Молю Бога, чтобы сохранил он доброе согласие между нашими странами на благо обоих народов.
Благополучное царствование и слава вашего величества есть сердечное желание каждого россиянина.
На эту речь шах ответил кратко, но столь проникновенно, что растрогал себя до слез:
— Ты до того расположил меня к себе, что язык мой не хочет произнести, что я отпускаю тебя.
Из записок Н.Н. Муравьева-Карского:
«…Посол дал пир главнейшим чиновникам Персии.
Приемная палатка была освещена чудесным образом, к стороне дворца была иллюминация, музыка играла, словом, нельзя было сделать ничего пышнее и параднее, но неучи сии ничего не поняли, они рыгали и ели руками одни арбузы. Вали курдистанский чуть было не подавился конфеткой, которую хотел проглотить с бумажкой»{421}.
Прощаясь с солдатами почетного караула, посол пожаловал им сто червонцев, а их начальнику золотые часы, но едва Алексей Петрович отвлекся, расторопный сарганг отобрал деньги у своих подчиненных и, конечно, не вернул, заметил молодой русский офицер, наблюдавший за этой картиной.
Персидских солдат грабили не только офицеры, но и сам шах, недоплачивавший им до половины жалованья.
29 августа Ермолов выехал из Султании и 9 сентября был уже в Тавризе. Здесь Алексей Петрович обратился к мирзе Безюргу с просьбой сообщить ему, когда он будет готов приступить к установлению границы между двумя странами, и сам предложил начать работу в апреле 1818 года. Советник принца поспешил согласиться, надеясь добиться расположения посла и признания Россией Аббаса наследником престола, что было чрезвычайно важно в сложившейся в Персии политической ситуации, которая определялась непримиримой борьбой за власть между двумя сыновьями шаха.
Формально после смерти шаха престол должен был занять его старший сын Мамед, но его, рожденного христианкой, отец лишил этого права, провозгласив наследником младшего Аббаса, появившегося на свет от мусульманки из рода Каджаров. Каждый из них получил в управление свою часть. При этом первому достались области, основная масса населения которых состояла из представителей самых знатных фамилий и их подданных. Второй же получил территории, недавно отвоеванные у Турции, а значит, не имевшие общих культурно-исторических традиций с коренной Персией.
Мамед-Али был несравненно сильнее. Чтобы уравнять с ним Аббаса, шах позволил ему иметь регулярные войска и отказал в этом старшему сыну, лишенному права на престол, чем еще более обострил конфликт между братьями.

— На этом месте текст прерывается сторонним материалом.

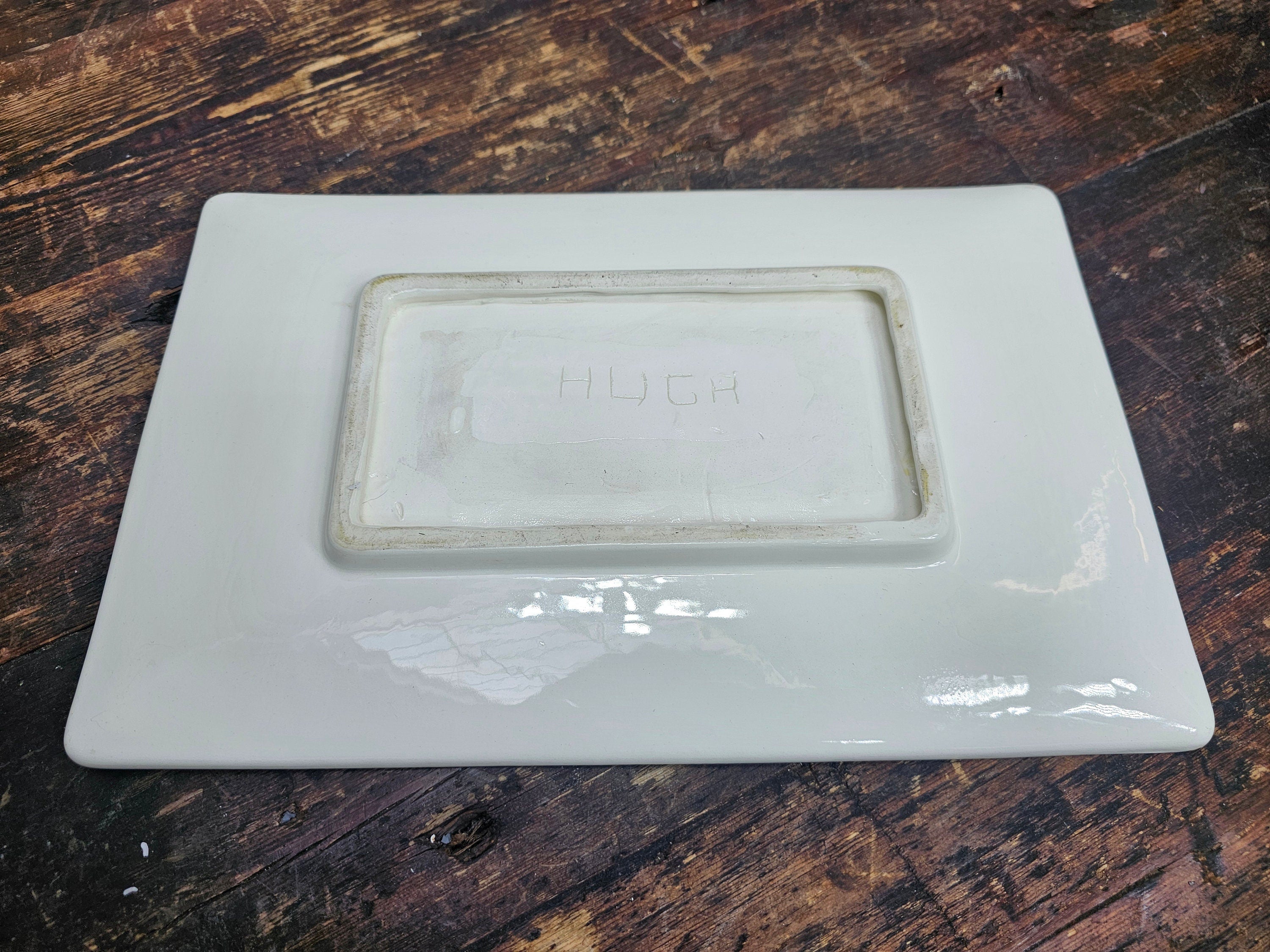 Hand-Painted Bottle Labels platter Cheese Plate Signed 13" L x 8.5" W x 1" H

Войска принца обучали английские инструкторы. Поэтому Ермолов не считал возможным признавать Аббаса наследником престола без приобретения каких-либо очень важных и существенных выгод для России. Поскольку вопрос этот даже не обсуждался в Султании, постольку и в Тавризе посол обошел его, не сказав Безюргу ни «да», ни «нет». Вот если бы шах попросил, то можно было бы еще подумать. Впрочем…
«В бытность мою в Персии, — писал Ермолов царю, — обстоятельно узнал я, что по смерти шаха внутренняя война неизбежна и сему причиною наследство, которого старший сын шаха мирза Мамед-Али лишен несправедливо. Сам он признался мне, что наследства [читай: власти] не уступит. Я имею полную его доверенность и до такой степени довел с ним мое знакомство, что могу иметь с ним сношение, если ваше императорское величество изволите найти это нужным»{422}.